- [TASK TO CARRY OUT] Go through the entries below and print, exactly, the lines starting at the one with "Pozsegovits Asztrid névjegykártya" and ending at the one with "Vista 3 de Mjkone", keeping both ends and no others.

- [INPUT RECORDS]
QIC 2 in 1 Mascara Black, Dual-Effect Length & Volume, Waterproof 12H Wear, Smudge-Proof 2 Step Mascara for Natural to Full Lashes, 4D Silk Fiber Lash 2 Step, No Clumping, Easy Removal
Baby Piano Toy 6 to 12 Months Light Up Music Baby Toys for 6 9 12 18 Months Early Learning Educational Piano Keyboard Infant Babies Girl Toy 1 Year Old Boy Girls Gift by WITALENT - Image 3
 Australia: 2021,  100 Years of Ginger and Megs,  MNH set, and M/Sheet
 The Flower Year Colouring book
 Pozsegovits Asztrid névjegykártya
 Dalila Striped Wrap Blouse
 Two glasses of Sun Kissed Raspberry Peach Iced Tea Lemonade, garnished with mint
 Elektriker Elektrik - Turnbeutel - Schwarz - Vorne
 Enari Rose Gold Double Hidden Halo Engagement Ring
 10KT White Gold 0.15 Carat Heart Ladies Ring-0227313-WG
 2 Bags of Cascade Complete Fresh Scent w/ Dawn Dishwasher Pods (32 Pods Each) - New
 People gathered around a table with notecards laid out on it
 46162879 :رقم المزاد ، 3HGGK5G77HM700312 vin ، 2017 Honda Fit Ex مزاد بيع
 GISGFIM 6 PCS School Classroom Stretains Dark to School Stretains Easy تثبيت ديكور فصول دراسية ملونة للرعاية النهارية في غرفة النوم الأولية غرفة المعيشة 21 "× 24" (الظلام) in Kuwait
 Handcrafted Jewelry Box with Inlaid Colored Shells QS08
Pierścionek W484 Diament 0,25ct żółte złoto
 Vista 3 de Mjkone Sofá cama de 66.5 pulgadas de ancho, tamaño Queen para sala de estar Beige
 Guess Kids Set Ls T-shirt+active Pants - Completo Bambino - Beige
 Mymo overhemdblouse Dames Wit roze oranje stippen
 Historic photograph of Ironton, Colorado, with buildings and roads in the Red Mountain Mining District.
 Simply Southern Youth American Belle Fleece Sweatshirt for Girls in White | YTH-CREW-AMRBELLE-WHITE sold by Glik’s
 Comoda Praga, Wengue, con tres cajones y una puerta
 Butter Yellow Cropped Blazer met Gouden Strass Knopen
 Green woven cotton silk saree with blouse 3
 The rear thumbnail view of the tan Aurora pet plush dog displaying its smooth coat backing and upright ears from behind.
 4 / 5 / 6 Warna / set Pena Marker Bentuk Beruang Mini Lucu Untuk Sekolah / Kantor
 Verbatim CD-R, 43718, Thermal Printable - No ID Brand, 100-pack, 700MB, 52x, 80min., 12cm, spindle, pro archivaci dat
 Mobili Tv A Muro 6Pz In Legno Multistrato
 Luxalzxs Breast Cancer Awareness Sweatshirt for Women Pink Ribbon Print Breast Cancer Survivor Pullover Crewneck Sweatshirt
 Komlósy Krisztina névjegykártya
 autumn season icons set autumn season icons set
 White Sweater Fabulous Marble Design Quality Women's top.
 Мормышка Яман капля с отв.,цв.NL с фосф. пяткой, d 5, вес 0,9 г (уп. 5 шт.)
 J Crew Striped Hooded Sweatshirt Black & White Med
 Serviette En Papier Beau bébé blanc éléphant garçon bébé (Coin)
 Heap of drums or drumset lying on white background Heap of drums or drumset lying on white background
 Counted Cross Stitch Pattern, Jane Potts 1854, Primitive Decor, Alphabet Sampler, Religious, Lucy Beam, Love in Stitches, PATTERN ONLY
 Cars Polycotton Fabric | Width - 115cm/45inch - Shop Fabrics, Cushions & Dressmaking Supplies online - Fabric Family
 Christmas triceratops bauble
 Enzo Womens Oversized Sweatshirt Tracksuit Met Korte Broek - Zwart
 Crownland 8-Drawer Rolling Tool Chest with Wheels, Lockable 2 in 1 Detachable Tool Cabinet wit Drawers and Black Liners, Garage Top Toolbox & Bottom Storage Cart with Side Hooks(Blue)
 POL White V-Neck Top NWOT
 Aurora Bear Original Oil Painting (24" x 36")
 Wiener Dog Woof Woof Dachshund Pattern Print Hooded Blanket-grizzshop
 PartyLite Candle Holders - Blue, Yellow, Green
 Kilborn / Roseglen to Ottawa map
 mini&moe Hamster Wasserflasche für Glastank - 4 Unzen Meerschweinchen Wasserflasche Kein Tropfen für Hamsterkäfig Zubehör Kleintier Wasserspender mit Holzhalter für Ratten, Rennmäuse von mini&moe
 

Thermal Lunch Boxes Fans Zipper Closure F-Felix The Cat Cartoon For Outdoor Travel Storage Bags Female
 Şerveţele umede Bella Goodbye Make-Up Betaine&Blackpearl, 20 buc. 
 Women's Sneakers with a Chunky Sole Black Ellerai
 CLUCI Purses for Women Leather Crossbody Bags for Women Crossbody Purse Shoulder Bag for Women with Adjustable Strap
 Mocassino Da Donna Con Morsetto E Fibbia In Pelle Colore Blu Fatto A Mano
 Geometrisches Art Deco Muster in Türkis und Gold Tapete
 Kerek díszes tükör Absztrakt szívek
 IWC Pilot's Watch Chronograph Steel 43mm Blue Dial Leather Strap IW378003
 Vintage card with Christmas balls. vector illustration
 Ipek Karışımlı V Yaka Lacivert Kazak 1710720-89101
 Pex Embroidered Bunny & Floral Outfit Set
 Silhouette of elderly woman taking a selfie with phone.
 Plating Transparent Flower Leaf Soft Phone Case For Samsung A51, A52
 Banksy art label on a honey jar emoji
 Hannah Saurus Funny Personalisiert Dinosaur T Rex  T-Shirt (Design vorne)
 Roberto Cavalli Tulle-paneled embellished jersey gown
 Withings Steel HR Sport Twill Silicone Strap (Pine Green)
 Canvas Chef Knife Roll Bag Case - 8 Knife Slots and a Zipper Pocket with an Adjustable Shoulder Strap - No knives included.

- [SOLVED PROBLEM]
 Pozsegovits Asztrid névjegykártya
 Dalila Striped Wrap Blouse
 Two glasses of Sun Kissed Raspberry Peach Iced Tea Lemonade, garnished with mint
 Elektriker Elektrik - Turnbeutel - Schwarz - Vorne
 Enari Rose Gold Double Hidden Halo Engagement Ring
 10KT White Gold 0.15 Carat Heart Ladies Ring-0227313-WG
 2 Bags of Cascade Complete Fresh Scent w/ Dawn Dishwasher Pods (32 Pods Each) - New
 People gathered around a table with notecards laid out on it
 46162879 :رقم المزاد ، 3HGGK5G77HM700312 vin ، 2017 Honda Fit Ex مزاد بيع
 GISGFIM 6 PCS School Classroom Stretains Dark to School Stretains Easy تثبيت ديكور فصول دراسية ملونة للرعاية النهارية في غرفة النوم الأولية غرفة المعيشة 21 "× 24" (الظلام) in Kuwait
 Handcrafted Jewelry Box with Inlaid Colored Shells QS08
Pierścionek W484 Diament 0,25ct żółte złoto
 Vista 3 de Mjkone Sofá cama de 66.5 pulgadas de ancho, tamaño Queen para sala de estar Beige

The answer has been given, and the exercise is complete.